Sounds of Sebring with its coterie of squealing and woozy synthlines whipping along and over the guitar work, and the close is heralded with a humongous, pasted in and distorted drum line, which gives way to an electronic drone. Pony is a bright number, buoyed along by a carefree little drum machine sequence, given a slightly ambiguous edge by increasingly prevailing gusts of synthesis and feedback. You Can’t Be Told It, You Must Behold It ditches guitars, bass and live drums all together in a nice and simple ditty, sung sweetly by vocalists Damon Tutunjian and Christina Files over a driving vocoder part and wispy synth work and electronic drums.

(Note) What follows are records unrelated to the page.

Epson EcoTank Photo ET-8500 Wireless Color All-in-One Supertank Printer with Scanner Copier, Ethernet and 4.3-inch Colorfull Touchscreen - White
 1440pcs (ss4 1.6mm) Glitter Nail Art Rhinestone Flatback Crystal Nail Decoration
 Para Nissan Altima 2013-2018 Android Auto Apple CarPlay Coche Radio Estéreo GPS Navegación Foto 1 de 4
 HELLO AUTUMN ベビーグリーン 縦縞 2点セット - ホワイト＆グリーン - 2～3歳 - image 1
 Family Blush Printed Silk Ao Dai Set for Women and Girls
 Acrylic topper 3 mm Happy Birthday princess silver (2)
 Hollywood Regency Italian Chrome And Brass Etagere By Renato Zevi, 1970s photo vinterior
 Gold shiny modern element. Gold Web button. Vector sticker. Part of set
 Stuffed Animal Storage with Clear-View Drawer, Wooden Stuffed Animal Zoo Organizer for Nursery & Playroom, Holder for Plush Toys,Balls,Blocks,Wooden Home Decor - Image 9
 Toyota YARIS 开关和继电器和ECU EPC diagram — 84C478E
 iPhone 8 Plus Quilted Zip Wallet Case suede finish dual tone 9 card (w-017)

Two Girls Kissing and San Cristobal de Las Casas stick more firmly within rock territory, with prominent guitars and a propulsive rhythm engine, though the synths seemed to have encouraged greater complexity in the songwriting. Both are great but San Cristobal de las Casas might be the overall highlight. A tune about the Zapatista uprising, which in its music and lyrics wavers and veers between force and reflection, the obfuscation of abstraction and direct emotional release.
- Ruairí
3) Akofa Akoussah - "I Tcho Tchass"
I’ve only known Akofa Akoussah’s music for about a year now, but her self-titled (one and only) album became a quick favorite and welcome companion throughout the sticky summer quarantine of 2021. Afro-funk tracks are somehow effortlessly fused with ballads, jazz, and Togolese folk music, yet they remain a fresh delight each time I listen. Akoussah’s dynamic vocals begin brightly in “Tango”, take a sensuous turn in “La Lem”, grow wistful in “Kimumbu”, and culminate in the final track of the album which I’ve shared with you. With artists like these, I only wish that there was more to dig through, more music, more writing, but her voice lingers for days on end, and that's as notable and comprehensive a legacy as any.